● **What the exercise asks**
Could you retype the lines below, starting at the line holding "Wing (Door) Mirror" and stopping at the line holding "USED 2025 25", inclusive? Copy them exactly and drop the images.

● **Data to examine**

※

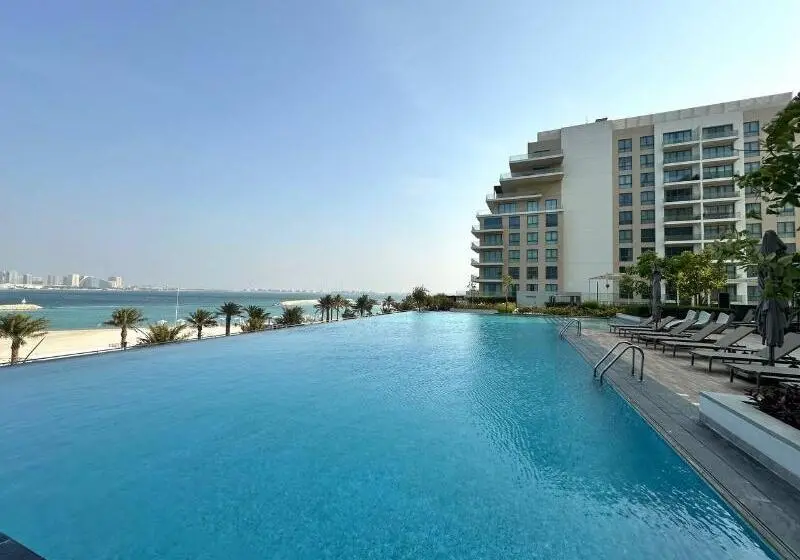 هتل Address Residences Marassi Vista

※

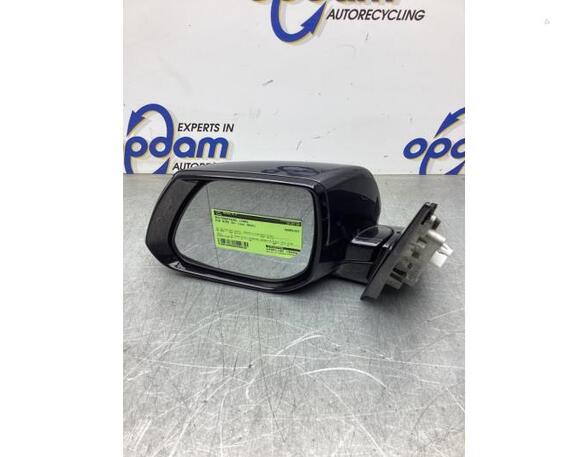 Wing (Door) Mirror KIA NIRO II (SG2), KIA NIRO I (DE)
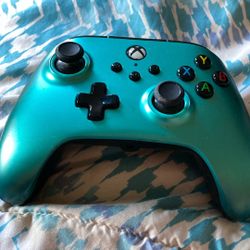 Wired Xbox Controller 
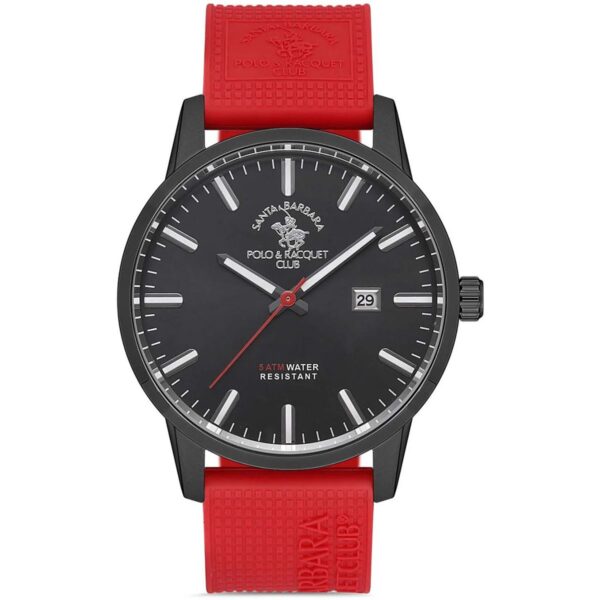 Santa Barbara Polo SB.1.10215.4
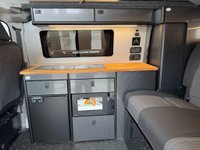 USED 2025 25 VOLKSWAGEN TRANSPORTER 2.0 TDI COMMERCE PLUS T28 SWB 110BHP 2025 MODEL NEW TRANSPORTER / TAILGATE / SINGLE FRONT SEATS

※

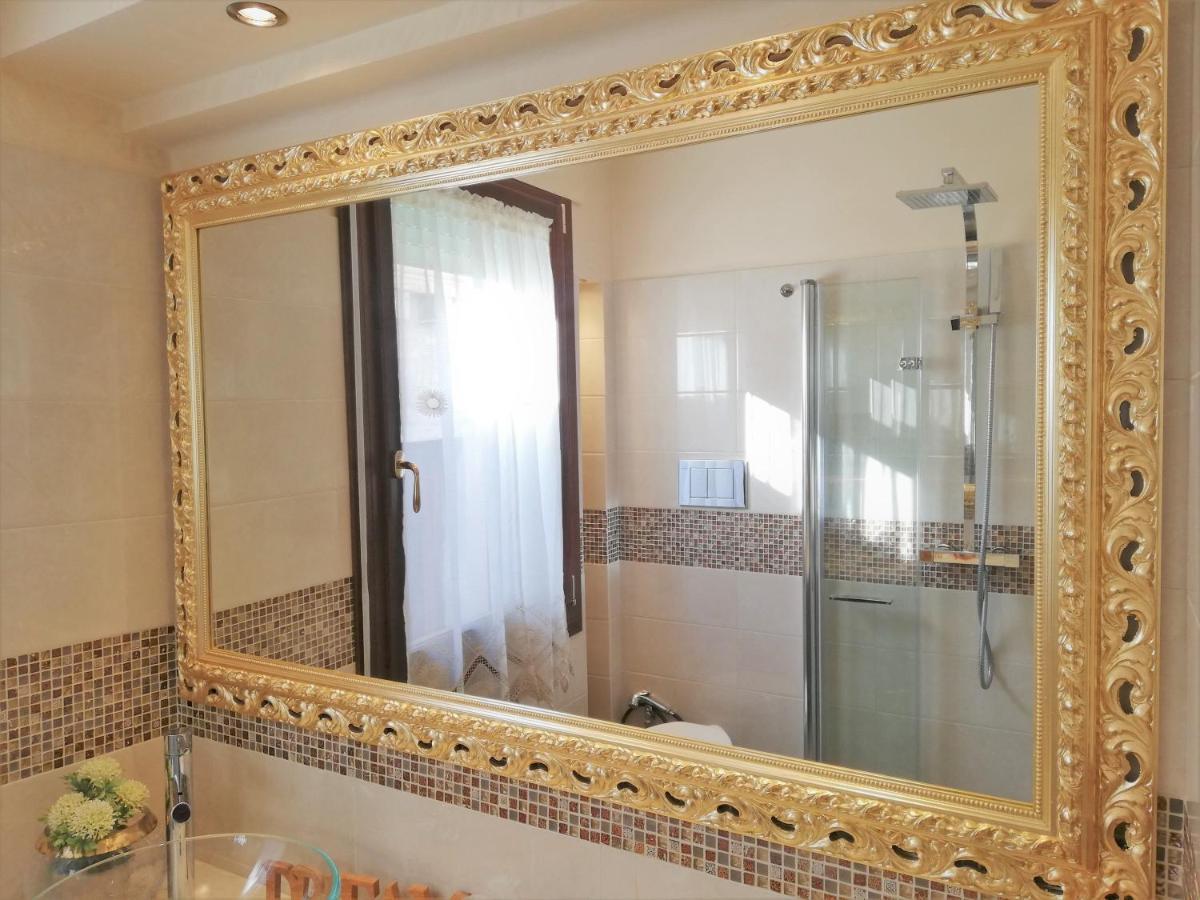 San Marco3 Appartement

※

● **Worked solution**
 Wing (Door) Mirror KIA NIRO II (SG2), KIA NIRO I (DE)
 Wired Xbox Controller 
 Santa Barbara Polo SB.1.10215.4
 USED 2025 25 VOLKSWAGEN TRANSPORTER 2.0 TDI COMMERCE PLUS T28 SWB 110BHP 2025 MODEL NEW TRANSPORTER / TAILGATE / SINGLE FRONT SEATS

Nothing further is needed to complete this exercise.